Well, not really. But let me back up a bit. The context for most of
these presentations was not a room full of businesspeople but rather
prospective managers of business incubators, who were there to learn
from me some tips on how to get a business incubator off the ground.
In my previous work life, I did a number of presentations on the
subject, advising groups on how to assess the feasibility of their
business incubator initiatives.
And I always came back to those eight words: "the nexus of
organizational strength and market need." I would then draw two big,
overlapping circles, and shade the overlapped part. There's two
points there. First, that the shaded part is where you want to be.
And second, that there are plenty of non-shaded parts where you don't
want to be: doing something you're good at but for which there is no
market need, on the one hand, or doing something for which there is
market need but which you're not good at, on the other.
Of course, these two points are valid in business as well. You can't
make money selling something, however well-conceived, that no one will
ever buy. And you also can't make money selling something, however
hungry the market, that you can't make well.

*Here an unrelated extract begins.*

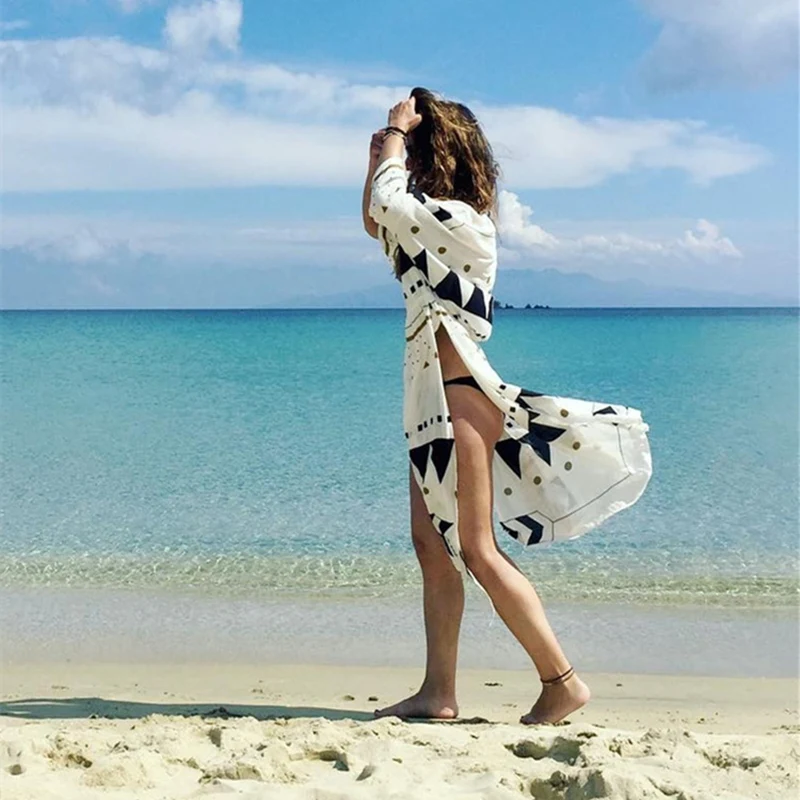 Swimsuit Cover Up 2020 Women Pareo Beach Dress Wears Print Loose Long Cardigan Bathing Suit Ups | Женская одежда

These two circles also speak to the non-industry sectors, as well,
business incubators being but one example. Social service agencies,
educational institutions, and even government agencies would do well
to get a better handle on their two circles, and make sure their
offerings fall in the shaded area and not in the non-shaded areas.
Churches and ministry groups darn well better figure out how to be in
the shaded area, tempting as it is to do a lot of stuff they're good
at that no one needs or to do a lot of stuff that people desperately
need but that they can't do well.
As I mentioned before, it's not quite as simple as I'm making this out
to be. These two circles take place in a context. For business
incubators, there are two kinds of contexts: macro-economic trends
which are the political, economic, and cultural winds that shape where
the opportunities and threats will be, and ground-level considerations
like the immediate neighborhood or the facility in which the program
will be located. Businesses might consider demographics and the
competitive landscape. Other organizations will have their own
outside forces that affect the drawing of their two circles.
Again, I exaggerate for dramatic effect when I say that this is the
entirety of the MBA experience. But sometimes simpler is better. And
what could be simpler than drawing two circles?